* **TASK TO CARRY OUT**
Starting from the line containing "Funny Toilet Water", give again every line through the end of the entries, word for word. Pictures stay out of the copy.

* **RECORDS SUPPLIED**

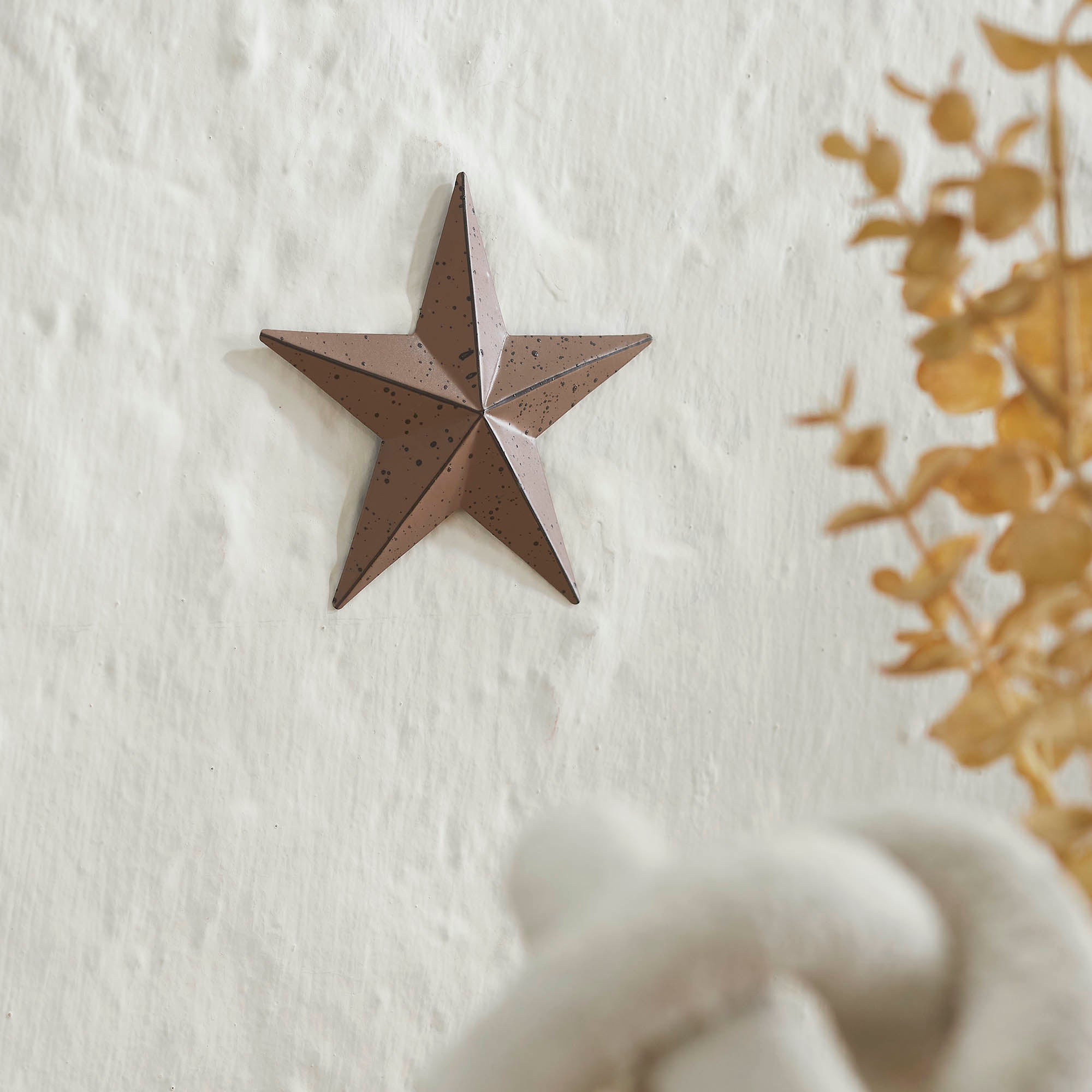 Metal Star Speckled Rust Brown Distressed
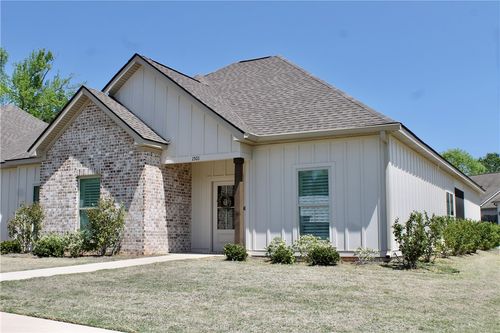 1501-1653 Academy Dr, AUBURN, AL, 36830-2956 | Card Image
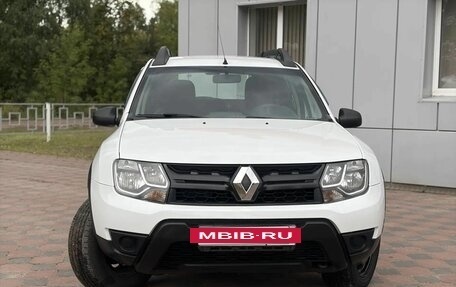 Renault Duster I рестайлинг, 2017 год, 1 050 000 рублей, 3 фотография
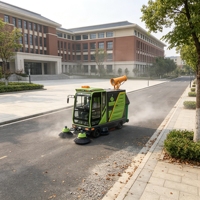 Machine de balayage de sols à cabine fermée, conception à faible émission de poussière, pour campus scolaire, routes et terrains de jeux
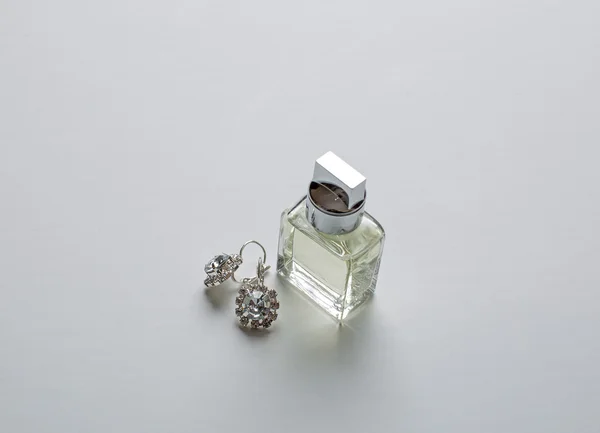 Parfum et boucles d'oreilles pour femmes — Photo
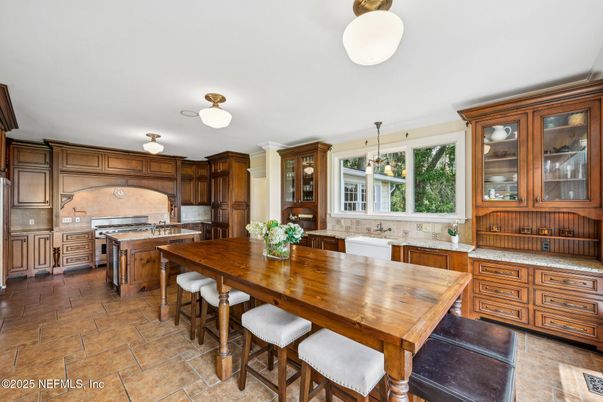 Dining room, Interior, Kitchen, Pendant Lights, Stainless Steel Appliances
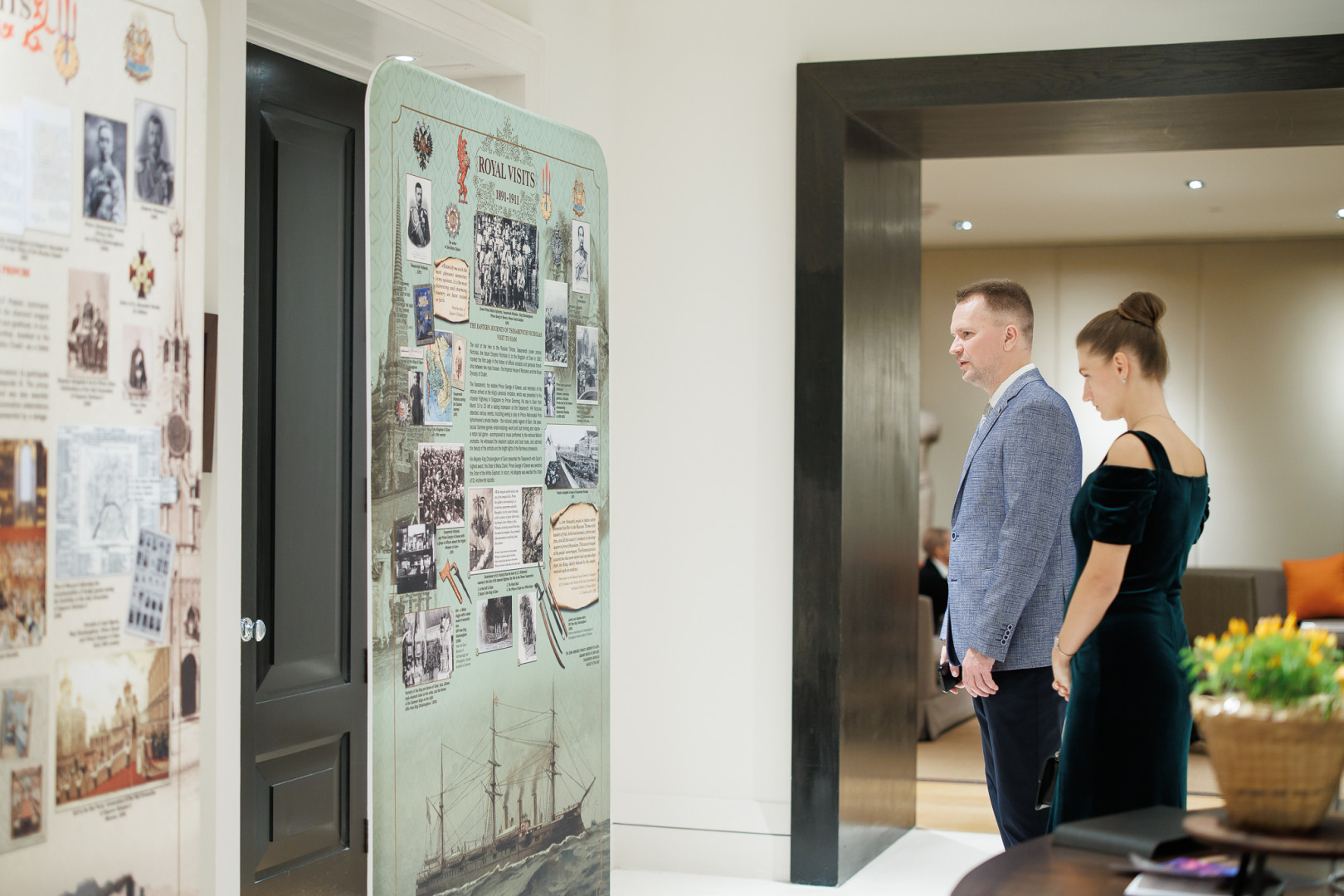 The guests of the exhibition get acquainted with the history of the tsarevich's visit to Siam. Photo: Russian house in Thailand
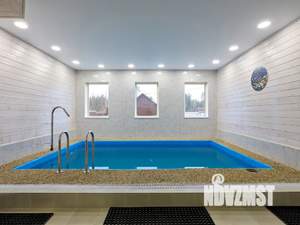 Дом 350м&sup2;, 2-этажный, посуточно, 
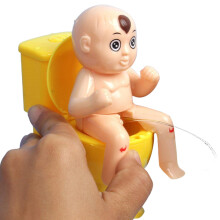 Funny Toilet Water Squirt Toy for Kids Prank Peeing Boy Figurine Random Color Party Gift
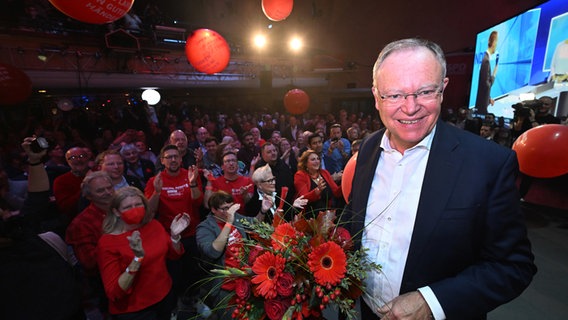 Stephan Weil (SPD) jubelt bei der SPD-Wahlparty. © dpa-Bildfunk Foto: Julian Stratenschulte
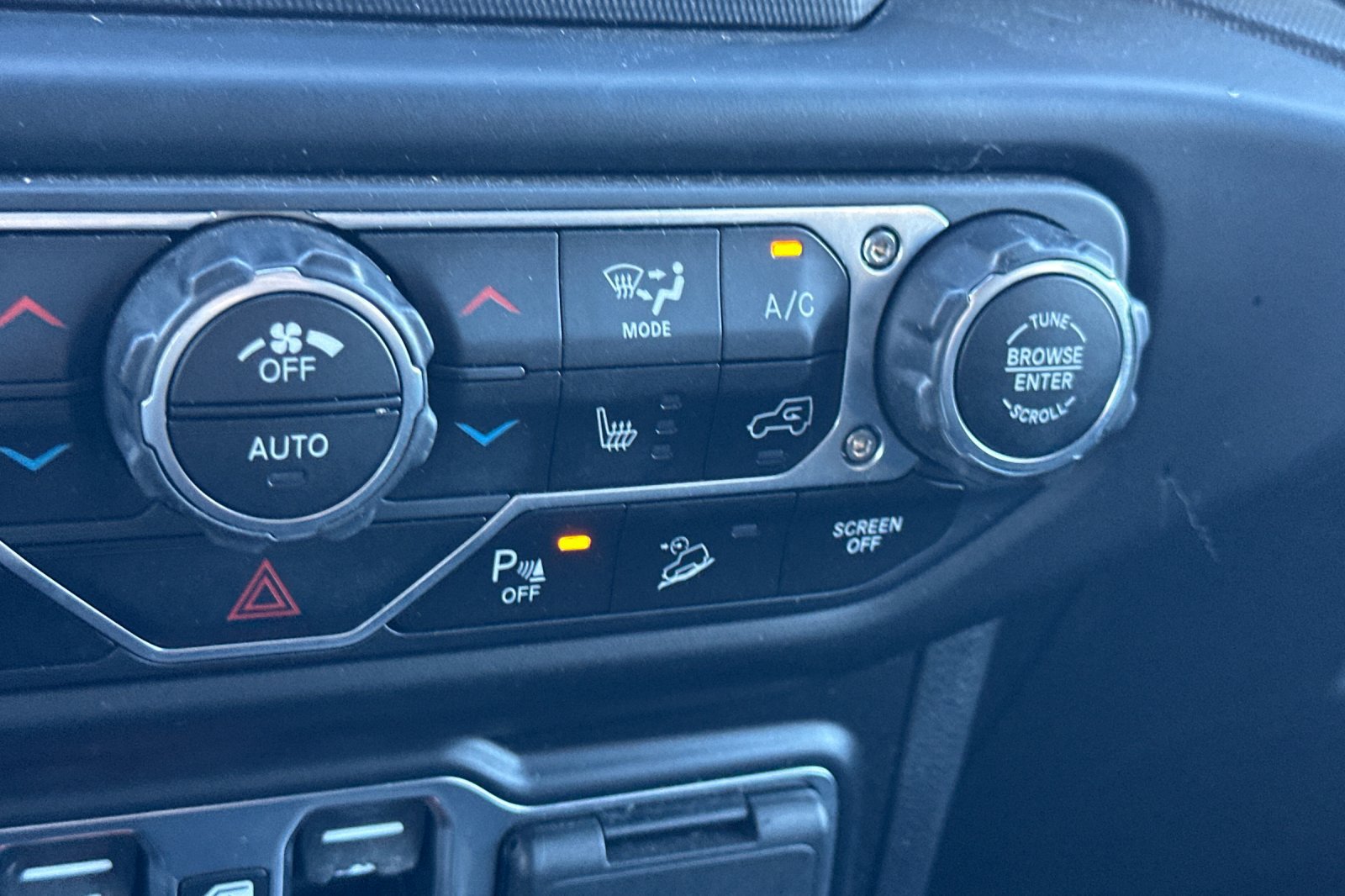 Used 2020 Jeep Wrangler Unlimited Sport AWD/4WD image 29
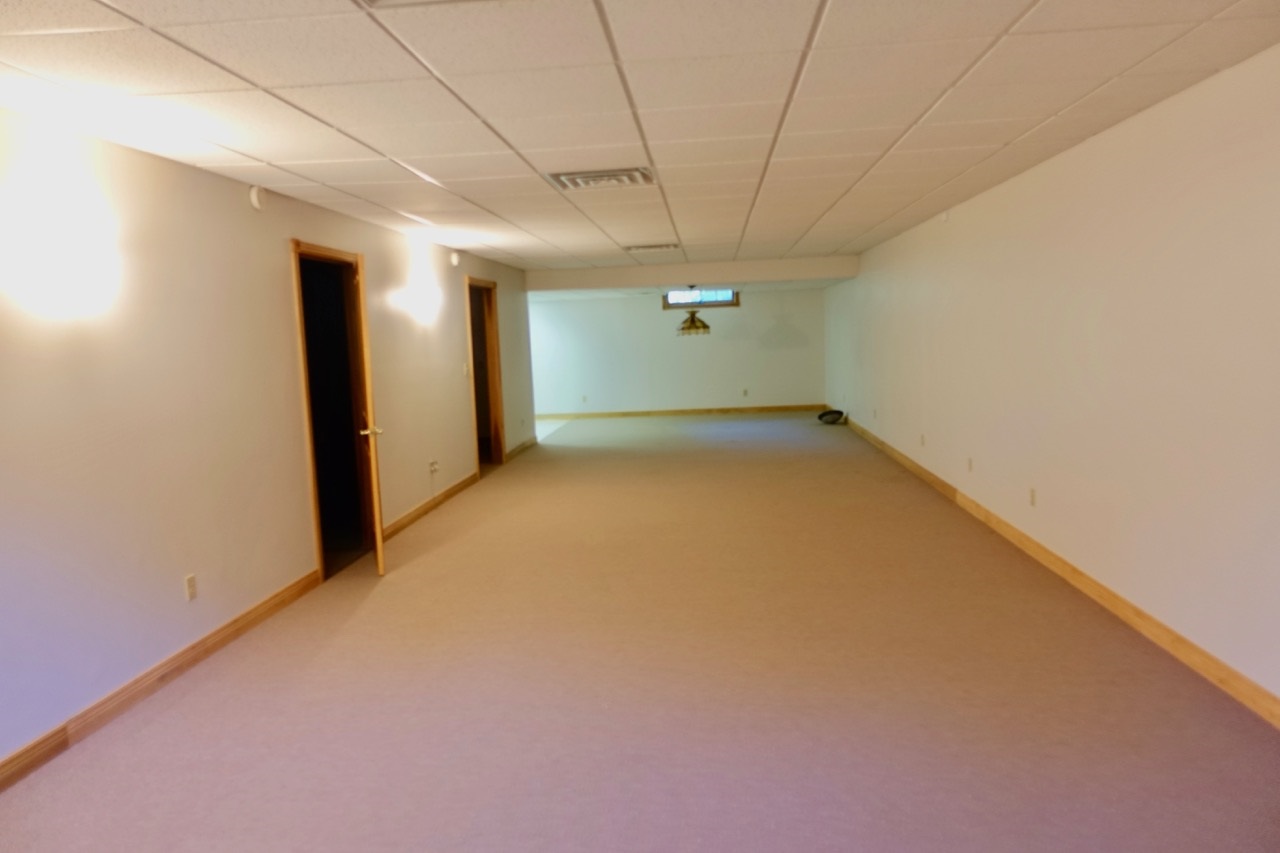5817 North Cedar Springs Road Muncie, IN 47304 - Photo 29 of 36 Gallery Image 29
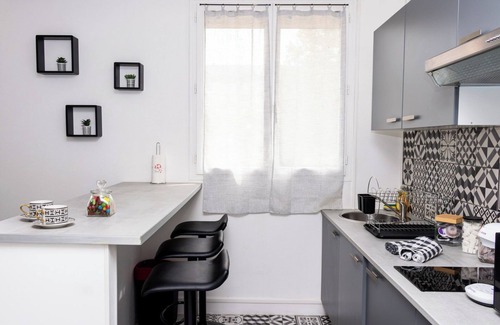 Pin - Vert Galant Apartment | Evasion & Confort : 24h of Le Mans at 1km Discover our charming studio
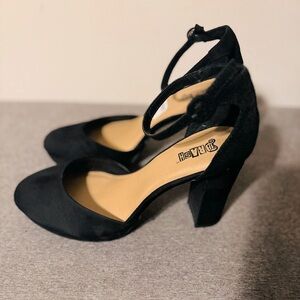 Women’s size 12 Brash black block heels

* **WRITTEN SOLUTION**
 Funny Toilet Water Squirt Toy for Kids Prank Peeing Boy Figurine Random Color Party Gift
 Stephan Weil (SPD) jubelt bei der SPD-Wahlparty. © dpa-Bildfunk Foto: Julian Stratenschulte
 Used 2020 Jeep Wrangler Unlimited Sport AWD/4WD image 29
5817 North Cedar Springs Road Muncie, IN 47304 - Photo 29 of 36 Gallery Image 29
 Pin - Vert Galant Apartment | Evasion & Confort : 24h of Le Mans at 1km Discover our charming studio
 Women’s size 12 Brash black block heels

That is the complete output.